幼少時のヘルニアは先天的な要素が大きいですが、成人の場合はおもに加齢に伴い、鼡径部の組織が弱くなるためといわれています。
放置すると徐々に膨隆が大きくなり、時にとび出した腸が戻らなくなり血行障害を起こし(かんとん)、緊急手術となることがあります。
一度、ヘルニアになってしまうと薬での治癒は望めず、根本的な治療は手術しかありません。
鼡径ヘルニアの手術方法は大きく分けると2つの方法があります。一つは糸を用いてヘルニアの出てくる”孔”(ヘルニア門)を縫合し閉鎖する従来法、もう一つは人工補強材(メッシュ)を使用するメッシュ法です。
しかし、現在では特定の場合を除いて従来法を施行する施設はほぼ無くなっています。
従来法もメッシュ法も鼡径部に50mm程度の切開が必要で、既存の構造を壊して修復する方法です。
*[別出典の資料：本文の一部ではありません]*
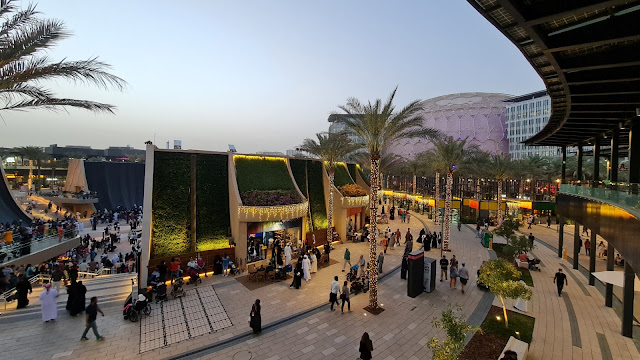 Expo Dubai - Blick auf Water Features, Al Wasl von der African Dining Hall aus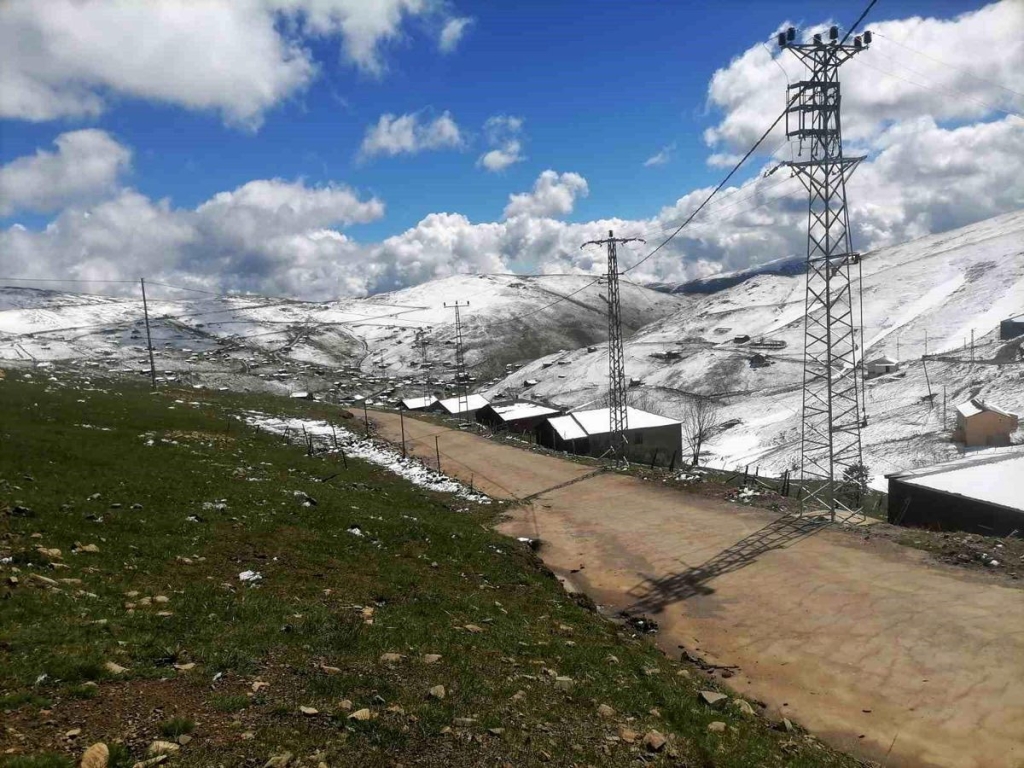 Doğu Karadeniz yaylalarına kış geri geldi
近年鏡視下手術の台頭に伴って鼡径ヘルニアに対しても腹腔鏡下で修復する方法が始まっています。
これは、腹腔鏡を用いてヘルニア門をお腹側からメッシュで補強する方法(メッシュ法に含まれます)です。
鼡径部の創は必要なく、臍部、左右側腹部に5~12mmの3つの創だけで施行可能です。 ヨーロッパヘルニアガイドラインでも推奨されていますが、手術材料や時間、医療コストなどの問題から、日本ではまだ限られた施設でしか行われていないのが現状です。
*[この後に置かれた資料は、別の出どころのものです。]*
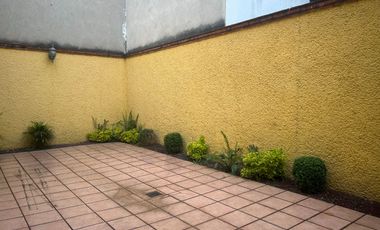 LINDA CASA EN ECHEGARAY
当院では同手術を導入し、患者さんから好評をいただいています。
最も大きなメリットとしては、既存の構造を壊さずに手術するために、術後疼痛や慢性疼痛が少ない、そのために社会復帰が早く、QOL(生活の質)が良好に保たれることです。
その他にも多くのメリットがあります。
全身麻酔が必要になるので麻酔に対してリスクのある場合はできませんが、その場合でも、より負担の少ない方法で手術は可能です。